● EXCERPTED RECORDS:
========================================================================

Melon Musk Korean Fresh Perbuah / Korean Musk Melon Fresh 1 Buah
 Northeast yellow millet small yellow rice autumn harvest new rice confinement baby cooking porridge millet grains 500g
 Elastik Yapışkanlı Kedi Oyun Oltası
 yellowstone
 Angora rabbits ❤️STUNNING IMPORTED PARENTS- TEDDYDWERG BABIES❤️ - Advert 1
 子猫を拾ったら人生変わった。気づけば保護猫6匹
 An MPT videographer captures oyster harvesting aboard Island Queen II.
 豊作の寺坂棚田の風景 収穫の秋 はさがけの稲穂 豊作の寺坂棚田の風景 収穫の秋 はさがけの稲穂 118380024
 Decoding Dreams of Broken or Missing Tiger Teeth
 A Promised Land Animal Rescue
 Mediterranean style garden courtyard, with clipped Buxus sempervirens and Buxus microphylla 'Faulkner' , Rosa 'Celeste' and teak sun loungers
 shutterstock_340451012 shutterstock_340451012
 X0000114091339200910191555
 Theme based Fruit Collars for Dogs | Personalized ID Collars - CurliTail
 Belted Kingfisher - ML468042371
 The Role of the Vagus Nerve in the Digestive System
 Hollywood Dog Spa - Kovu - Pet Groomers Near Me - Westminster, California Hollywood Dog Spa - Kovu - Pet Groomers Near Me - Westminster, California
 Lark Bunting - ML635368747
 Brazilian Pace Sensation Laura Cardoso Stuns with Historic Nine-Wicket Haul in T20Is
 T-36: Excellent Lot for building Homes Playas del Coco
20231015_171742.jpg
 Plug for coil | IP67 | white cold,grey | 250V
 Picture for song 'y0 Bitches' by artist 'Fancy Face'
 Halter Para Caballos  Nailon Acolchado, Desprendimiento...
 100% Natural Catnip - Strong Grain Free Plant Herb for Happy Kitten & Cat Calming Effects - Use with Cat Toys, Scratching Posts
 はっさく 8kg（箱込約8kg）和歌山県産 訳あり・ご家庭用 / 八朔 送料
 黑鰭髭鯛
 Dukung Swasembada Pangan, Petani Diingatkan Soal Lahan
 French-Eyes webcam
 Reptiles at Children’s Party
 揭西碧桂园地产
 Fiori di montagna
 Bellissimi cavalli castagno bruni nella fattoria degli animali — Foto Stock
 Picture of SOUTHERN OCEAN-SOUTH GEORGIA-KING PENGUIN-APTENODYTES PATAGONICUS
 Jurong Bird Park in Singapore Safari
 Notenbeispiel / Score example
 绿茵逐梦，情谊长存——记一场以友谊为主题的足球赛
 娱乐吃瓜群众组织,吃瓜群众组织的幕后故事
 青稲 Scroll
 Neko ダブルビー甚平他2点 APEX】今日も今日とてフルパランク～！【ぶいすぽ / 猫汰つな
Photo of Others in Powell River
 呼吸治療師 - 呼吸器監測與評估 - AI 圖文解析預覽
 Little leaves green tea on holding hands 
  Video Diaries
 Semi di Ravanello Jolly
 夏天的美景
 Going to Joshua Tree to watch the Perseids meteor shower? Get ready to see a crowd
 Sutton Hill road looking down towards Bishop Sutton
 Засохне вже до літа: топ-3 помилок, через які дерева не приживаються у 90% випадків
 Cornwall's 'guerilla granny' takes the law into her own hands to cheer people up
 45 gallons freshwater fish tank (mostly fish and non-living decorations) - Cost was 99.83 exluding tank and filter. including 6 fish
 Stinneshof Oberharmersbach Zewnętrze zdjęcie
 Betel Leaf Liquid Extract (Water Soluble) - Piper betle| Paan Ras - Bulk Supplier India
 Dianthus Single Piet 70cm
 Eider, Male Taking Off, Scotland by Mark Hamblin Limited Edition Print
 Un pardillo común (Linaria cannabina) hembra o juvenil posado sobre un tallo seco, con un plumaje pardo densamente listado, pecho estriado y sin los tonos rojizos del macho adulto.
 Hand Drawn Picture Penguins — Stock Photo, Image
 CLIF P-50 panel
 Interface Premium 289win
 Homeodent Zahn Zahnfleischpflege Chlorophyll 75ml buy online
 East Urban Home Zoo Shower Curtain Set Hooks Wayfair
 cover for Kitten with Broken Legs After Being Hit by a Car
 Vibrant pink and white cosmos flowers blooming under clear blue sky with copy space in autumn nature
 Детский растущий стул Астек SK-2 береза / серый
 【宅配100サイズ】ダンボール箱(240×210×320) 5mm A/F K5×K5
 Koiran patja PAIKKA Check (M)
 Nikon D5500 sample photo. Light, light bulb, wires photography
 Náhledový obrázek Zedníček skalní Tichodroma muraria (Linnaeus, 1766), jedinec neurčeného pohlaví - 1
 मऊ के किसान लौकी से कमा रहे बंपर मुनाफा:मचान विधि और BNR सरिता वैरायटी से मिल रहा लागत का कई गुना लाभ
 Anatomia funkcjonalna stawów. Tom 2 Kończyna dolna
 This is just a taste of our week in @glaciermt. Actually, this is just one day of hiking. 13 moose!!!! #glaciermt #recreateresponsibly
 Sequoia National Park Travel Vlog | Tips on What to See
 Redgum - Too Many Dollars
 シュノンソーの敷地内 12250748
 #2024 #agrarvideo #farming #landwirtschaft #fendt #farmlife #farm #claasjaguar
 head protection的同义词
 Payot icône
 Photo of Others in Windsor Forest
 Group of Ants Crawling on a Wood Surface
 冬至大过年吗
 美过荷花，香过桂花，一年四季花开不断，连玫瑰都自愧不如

========================================================================

● TO DO: Transcribe the entries above, every line exactly as it reads.

● TASK RESPONSE:
Melon Musk Korean Fresh Perbuah / Korean Musk Melon Fresh 1 Buah
 Northeast yellow millet small yellow rice autumn harvest new rice confinement baby cooking porridge millet grains 500g
 Elastik Yapışkanlı Kedi Oyun Oltası
 yellowstone
 Angora rabbits ❤️STUNNING IMPORTED PARENTS- TEDDYDWERG BABIES❤️ - Advert 1
 子猫を拾ったら人生変わった。気づけば保護猫6匹
 An MPT videographer captures oyster harvesting aboard Island Queen II.
 豊作の寺坂棚田の風景 収穫の秋 はさがけの稲穂 豊作の寺坂棚田の風景 収穫の秋 はさがけの稲穂 118380024
 Decoding Dreams of Broken or Missing Tiger Teeth
 A Promised Land Animal Rescue
 Mediterranean style garden courtyard, with clipped Buxus sempervirens and Buxus microphylla 'Faulkner' , Rosa 'Celeste' and teak sun loungers
 shutterstock_340451012 shutterstock_340451012
 X0000114091339200910191555
 Theme based Fruit Collars for Dogs | Personalized ID Collars - CurliTail
 Belted Kingfisher - ML468042371
 The Role of the Vagus Nerve in the Digestive System
 Hollywood Dog Spa - Kovu - Pet Groomers Near Me - Westminster, California Hollywood Dog Spa - Kovu - Pet Groomers Near Me - Westminster, California
 Lark Bunting - ML635368747
 Brazilian Pace Sensation Laura Cardoso Stuns with Historic Nine-Wicket Haul in T20Is
 T-36: Excellent Lot for building Homes Playas del Coco
20231015_171742.jpg
 Plug for coil | IP67 | white cold,grey | 250V
 Picture for song 'y0 Bitches' by artist 'Fancy Face'
 Halter Para Caballos  Nailon Acolchado, Desprendimiento...
 100% Natural Catnip - Strong Grain Free Plant Herb for Happy Kitten & Cat Calming Effects - Use with Cat Toys, Scratching Posts
 はっさく 8kg（箱込約8kg）和歌山県産 訳あり・ご家庭用 / 八朔 送料
 黑鰭髭鯛
 Dukung Swasembada Pangan, Petani Diingatkan Soal Lahan
 French-Eyes webcam
 Reptiles at Children’s Party
 揭西碧桂园地产
 Fiori di montagna
 Bellissimi cavalli castagno bruni nella fattoria degli animali — Foto Stock
 Picture of SOUTHERN OCEAN-SOUTH GEORGIA-KING PENGUIN-APTENODYTES PATAGONICUS
 Jurong Bird Park in Singapore Safari
 Notenbeispiel / Score example
 绿茵逐梦，情谊长存——记一场以友谊为主题的足球赛
 娱乐吃瓜群众组织,吃瓜群众组织的幕后故事
 青稲 Scroll
 Neko ダブルビー甚平他2点 APEX】今日も今日とてフルパランク～！【ぶいすぽ / 猫汰つな
Photo of Others in Powell River
 呼吸治療師 - 呼吸器監測與評估 - AI 圖文解析預覽
 Little leaves green tea on holding hands 
  Video Diaries
 Semi di Ravanello Jolly
 夏天的美景
 Going to Joshua Tree to watch the Perseids meteor shower? Get ready to see a crowd
 Sutton Hill road looking down towards Bishop Sutton
 Засохне вже до літа: топ-3 помилок, через які дерева не приживаються у 90% випадків
 Cornwall's 'guerilla granny' takes the law into her own hands to cheer people up
 45 gallons freshwater fish tank (mostly fish and non-living decorations) - Cost was 99.83 exluding tank and filter. including 6 fish
 Stinneshof Oberharmersbach Zewnętrze zdjęcie
 Betel Leaf Liquid Extract (Water Soluble) - Piper betle| Paan Ras - Bulk Supplier India
 Dianthus Single Piet 70cm
 Eider, Male Taking Off, Scotland by Mark Hamblin Limited Edition Print
 Un pardillo común (Linaria cannabina) hembra o juvenil posado sobre un tallo seco, con un plumaje pardo densamente listado, pecho estriado y sin los tonos rojizos del macho adulto.
 Hand Drawn Picture Penguins — Stock Photo, Image
 CLIF P-50 panel
 Interface Premium 289win
 Homeodent Zahn Zahnfleischpflege Chlorophyll 75ml buy online
 East Urban Home Zoo Shower Curtain Set Hooks Wayfair
 cover for Kitten with Broken Legs After Being Hit by a Car
 Vibrant pink and white cosmos flowers blooming under clear blue sky with copy space in autumn nature
 Детский растущий стул Астек SK-2 береза / серый
 【宅配100サイズ】ダンボール箱(240×210×320) 5mm A/F K5×K5
 Koiran patja PAIKKA Check (M)
 Nikon D5500 sample photo. Light, light bulb, wires photography
 Náhledový obrázek Zedníček skalní Tichodroma muraria (Linnaeus, 1766), jedinec neurčeného pohlaví - 1
 मऊ के किसान लौकी से कमा रहे बंपर मुनाफा:मचान विधि और BNR सरिता वैरायटी से मिल रहा लागत का कई गुना लाभ
 Anatomia funkcjonalna stawów. Tom 2 Kończyna dolna
 This is just a taste of our week in @glaciermt. Actually, this is just one day of hiking. 13 moose!!!! #glaciermt #recreateresponsibly
 Sequoia National Park Travel Vlog | Tips on What to See
 Redgum - Too Many Dollars
 シュノンソーの敷地内 12250748
 #2024 #agrarvideo #farming #landwirtschaft #fendt #farmlife #farm #claasjaguar
 head protection的同义词
 Payot icône
 Photo of Others in Windsor Forest
 Group of Ants Crawling on a Wood Surface
 冬至大过年吗
 美过荷花，香过桂花，一年四季花开不断，连玫瑰都自愧不如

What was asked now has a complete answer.